(Pictures with short captions)
________________________________________
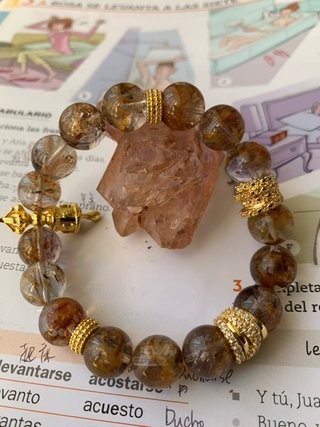 Pulsera de Cuarzo Lodolita Natural 10mm / Fantasma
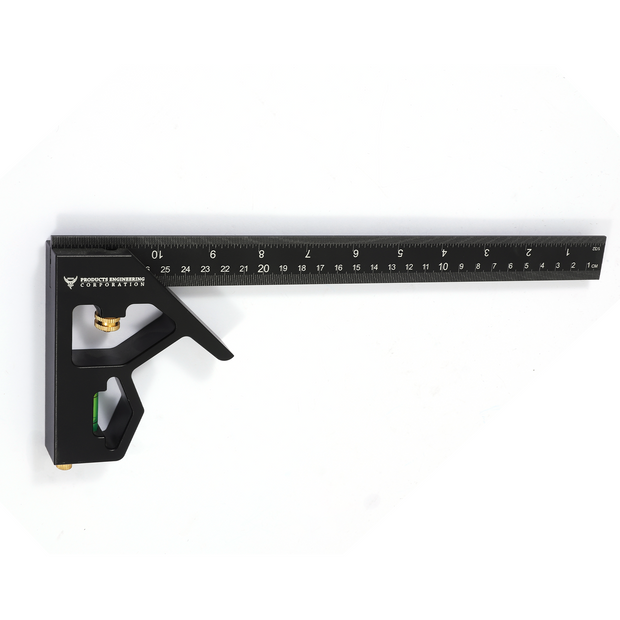 PEC Tools black combination square set with white contrast graduation measurements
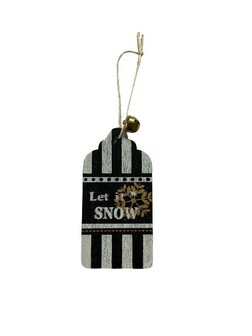 Label let it snow 10-11cm p/st zwart/wit/goud hout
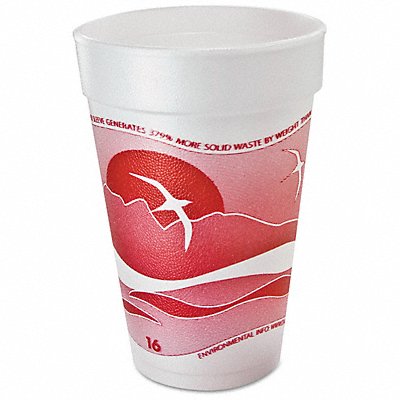 DART 16J16H Disp Hot/Cold Cup 16 oz White/Red PK1000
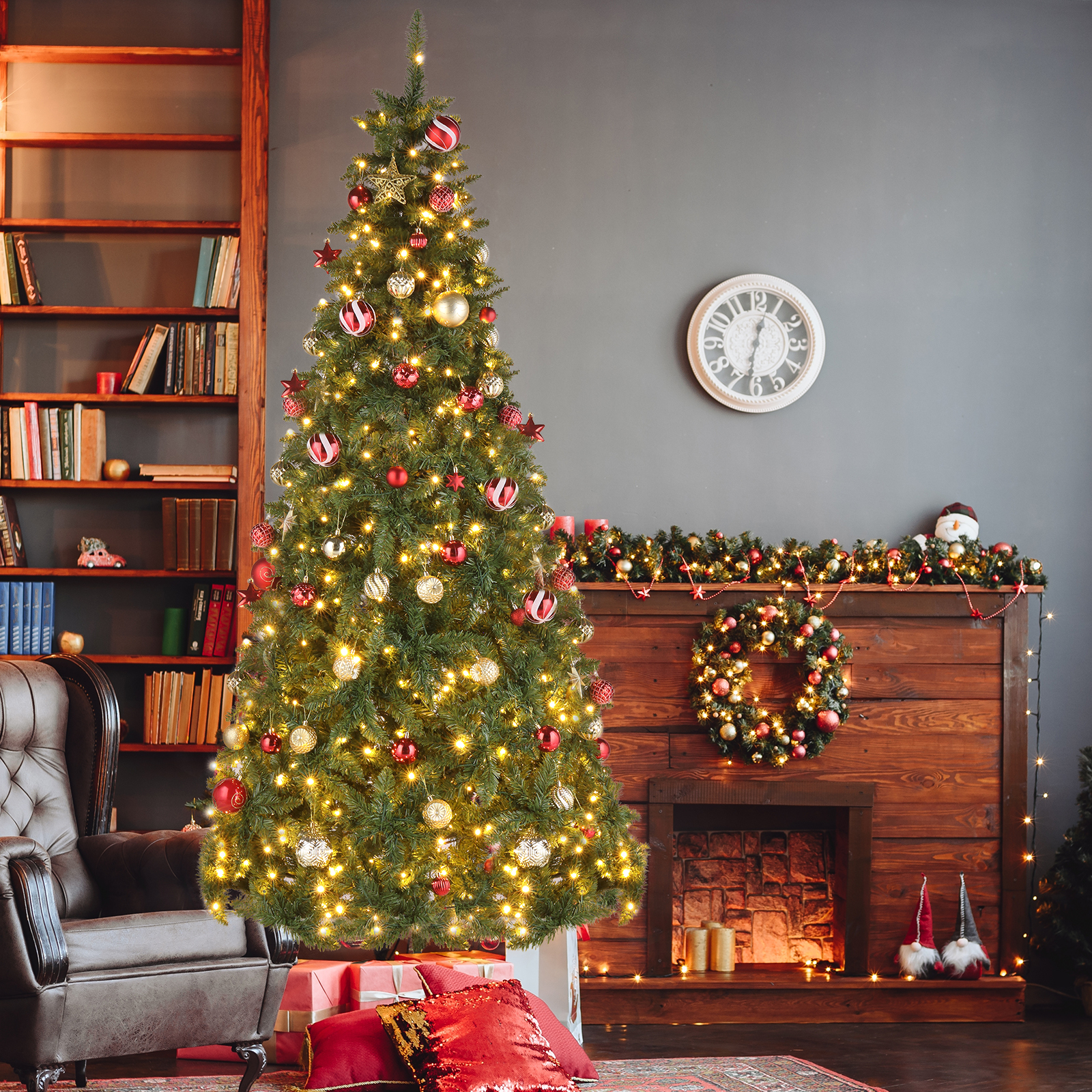 Kepooman Christmas Tree, Xmas Tree,6.5/7.5 Feet Artificial Cypress Christmas Tree Pre-lit Hinged-7.5 ft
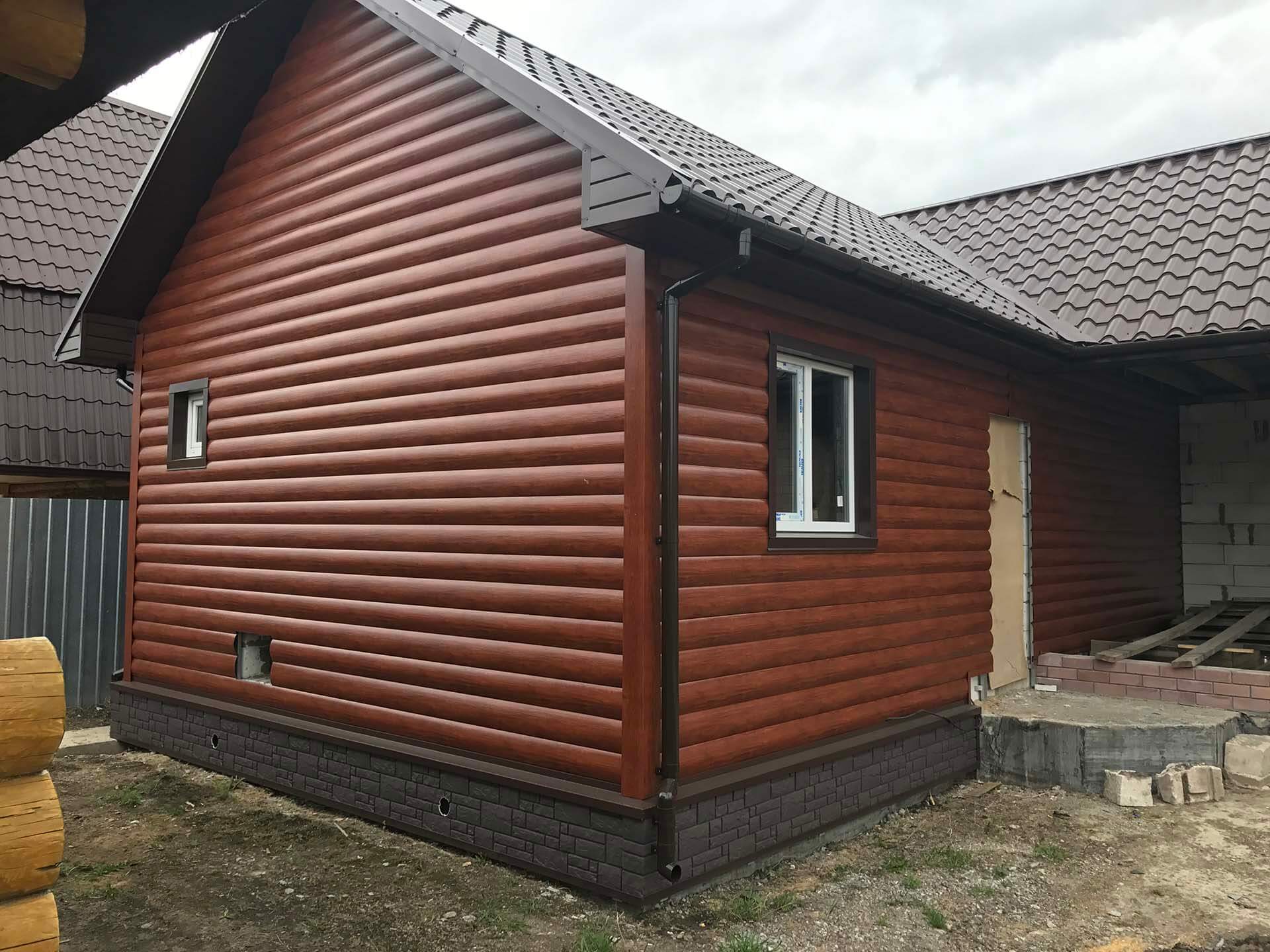 Фасад из металлического сайдинга Блокхаус, фото 5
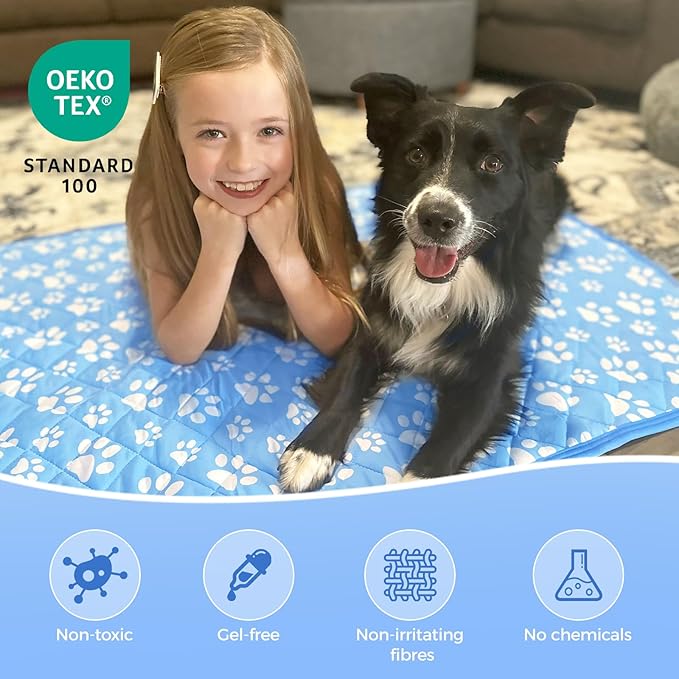 Rywell Self-Cooling Mat for Dogs Medium, 30'' x 20''- Endothermic Color Changing Arc-Chill Cooling Fiber - Washable Non-Toxic Summer Pet Outdoor Bed, Non-Slip, Foldable, Quick-Dry Dog Blanket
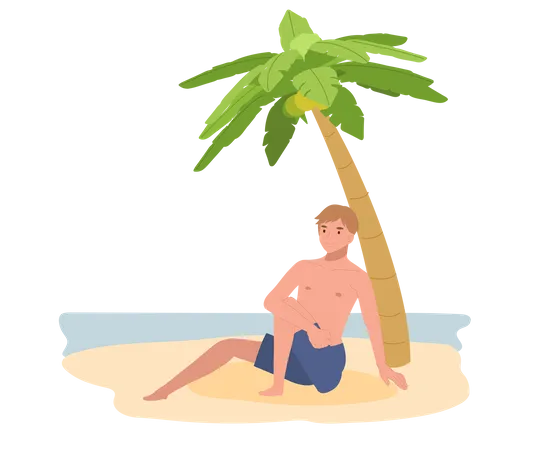 Summer Beach Vacation Theme A Happy Smiling Man In Swim Suit Sitting On The Beach Flat Vector Illustration Illustration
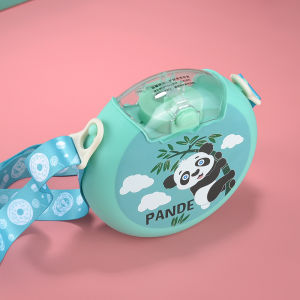 Botol Minum Plastik Lapis Silikon Transparan Gagang  Aneka Motif Gambar I Botol MInum Klik + Lock Tenteng Tali Kain I 450ML I BPA FREE I HH-9906/HX-4713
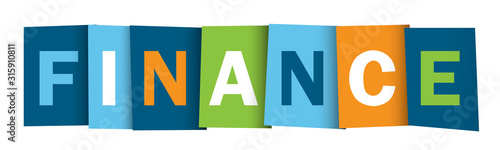 FINANCE colorful vector typographic banner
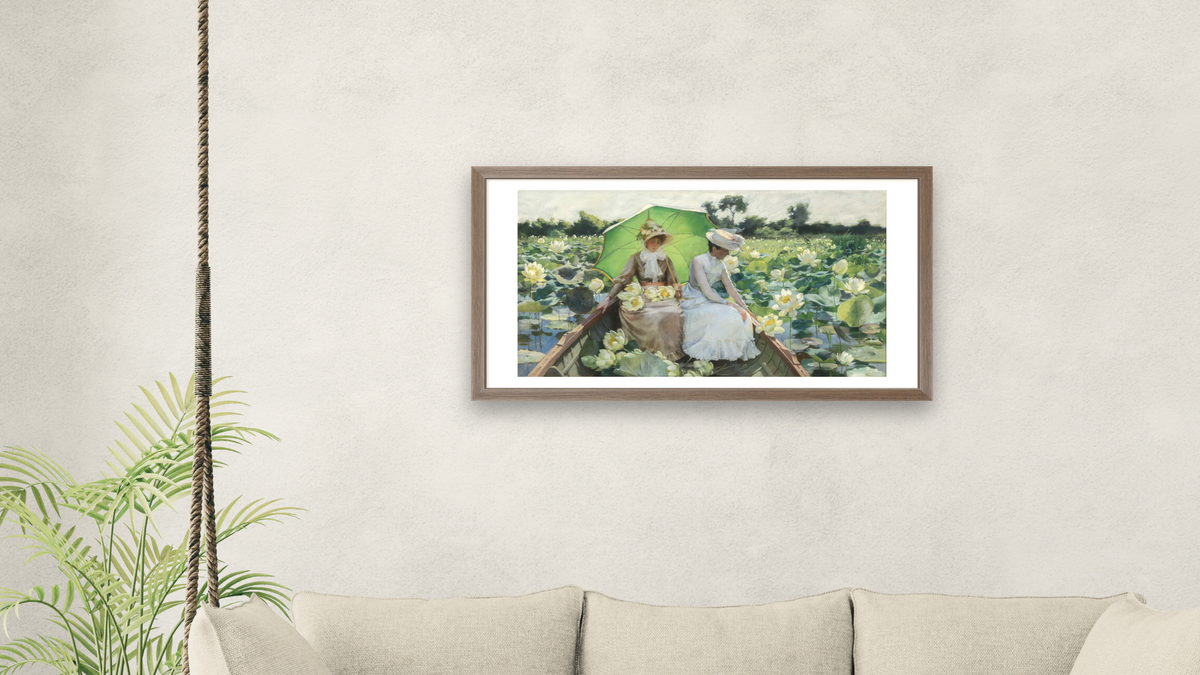 Lotus Lilies by Charles Courtney Curran, shown at 20 × 40 in (50.8 × 101.6 cm) in Arber Light Walnut, living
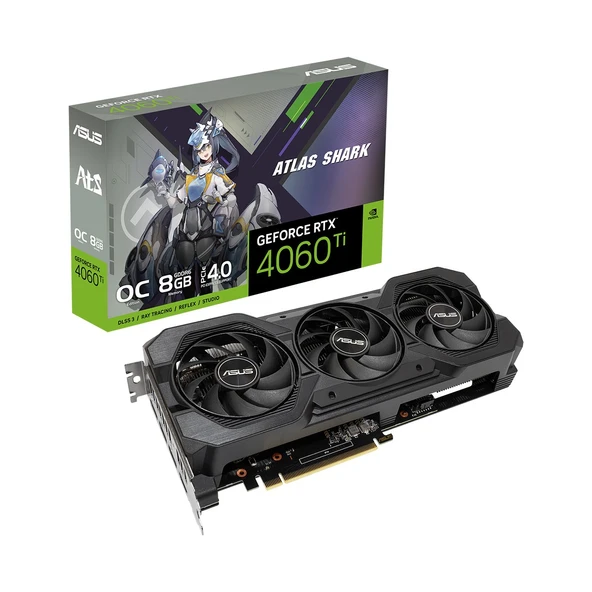 Asus Atlas SHARK-ATS-RTX4060TI-O8G-V2-GAMING-NVIDIA-GEFORCE-RTX 4060 Tı-8g-8gb GDDR6-128BIT-2610MHZ-OC-HDMI-3XDP-DLSS3 Ekran Kartı ürün görseli 1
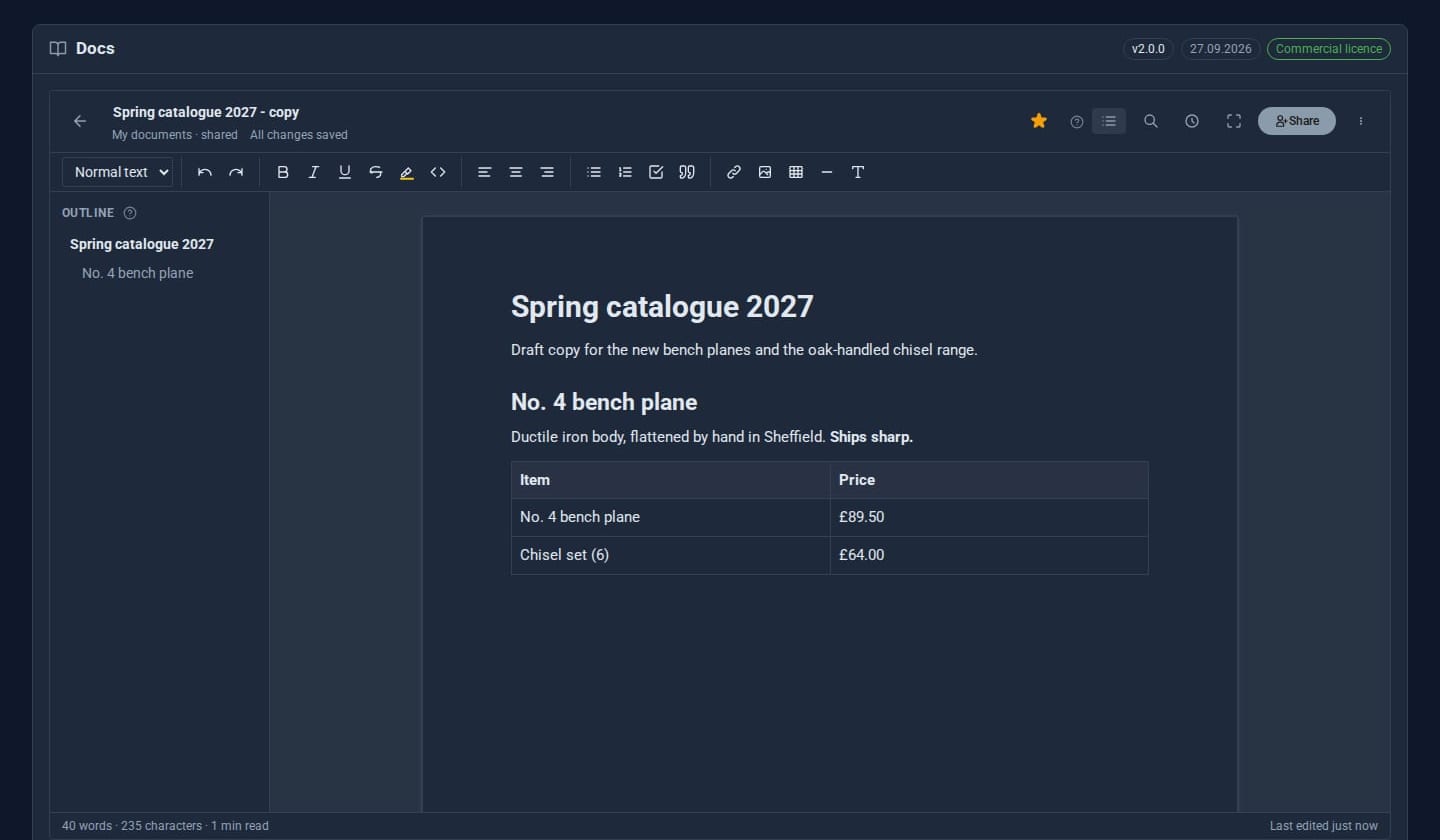 The editor, with the outline on the left and every change saved as you type.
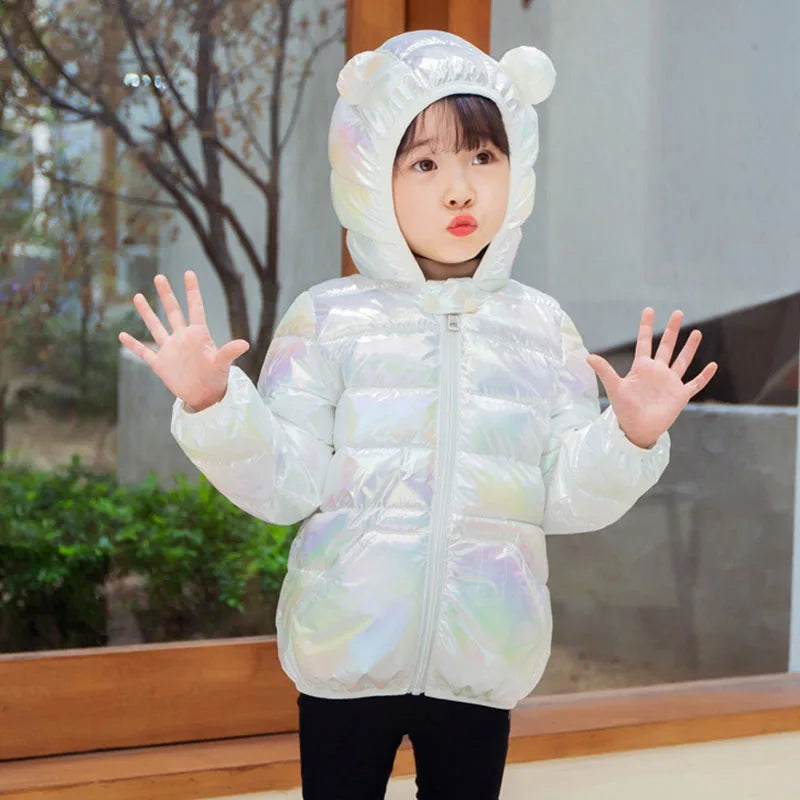 Kids Boys Girls Lightweight Down Jackets Hooded Outerwear Autumn Winter Baby Coats Fashion Sports Casual Clothing For 1-5 Years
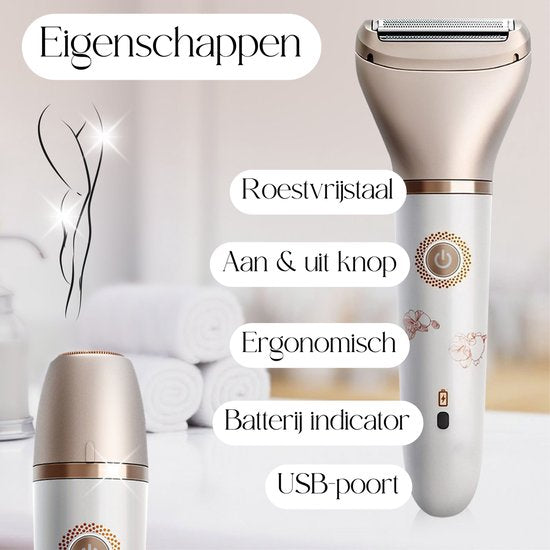 2-in-1 Ladyshave + Extra Scheerkop - Gezicht - Oksels - Benen - Bikinilijn - Scheerapparaat Vrouw - Ontharingsapparaat Electrisch Ontharen - Gezichtsontharing Dames - Trimmer Vrouw - Ladyshaves Bikini - USB Oplaadbaar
________________________________________
Repeat the records in full, exactly as they appear, without the pictures.

 Pulsera de Cuarzo Lodolita Natural 10mm / Fantasma
 PEC Tools black combination square set with white contrast graduation measurements
 Label let it snow 10-11cm p/st zwart/wit/goud hout
 DART 16J16H Disp Hot/Cold Cup 16 oz White/Red PK1000
 Kepooman Christmas Tree, Xmas Tree,6.5/7.5 Feet Artificial Cypress Christmas Tree Pre-lit Hinged-7.5 ft
 Фасад из металлического сайдинга Блокхаус, фото 5
 Rywell Self-Cooling Mat for Dogs Medium, 30'' x 20''- Endothermic Color Changing Arc-Chill Cooling Fiber - Washable Non-Toxic Summer Pet Outdoor Bed, Non-Slip, Foldable, Quick-Dry Dog Blanket
 Summer Beach Vacation Theme A Happy Smiling Man In Swim Suit Sitting On The Beach Flat Vector Illustration Illustration
 Botol Minum Plastik Lapis Silikon Transparan Gagang  Aneka Motif Gambar I Botol MInum Klik + Lock Tenteng Tali Kain I 450ML I BPA FREE I HH-9906/HX-4713
 FINANCE colorful vector typographic banner
 Lotus Lilies by Charles Courtney Curran, shown at 20 × 40 in (50.8 × 101.6 cm) in Arber Light Walnut, living
 Asus Atlas SHARK-ATS-RTX4060TI-O8G-V2-GAMING-NVIDIA-GEFORCE-RTX 4060 Tı-8g-8gb GDDR6-128BIT-2610MHZ-OC-HDMI-3XDP-DLSS3 Ekran Kartı ürün görseli 1
 The editor, with the outline on the left and every change saved as you type.
 Kids Boys Girls Lightweight Down Jackets Hooded Outerwear Autumn Winter Baby Coats Fashion Sports Casual Clothing For 1-5 Years
 2-in-1 Ladyshave + Extra Scheerkop - Gezicht - Oksels - Benen - Bikinilijn - Scheerapparaat Vrouw - Ontharingsapparaat Electrisch Ontharen - Gezichtsontharing Dames - Trimmer Vrouw - Ladyshaves Bikini - USB Oplaadbaar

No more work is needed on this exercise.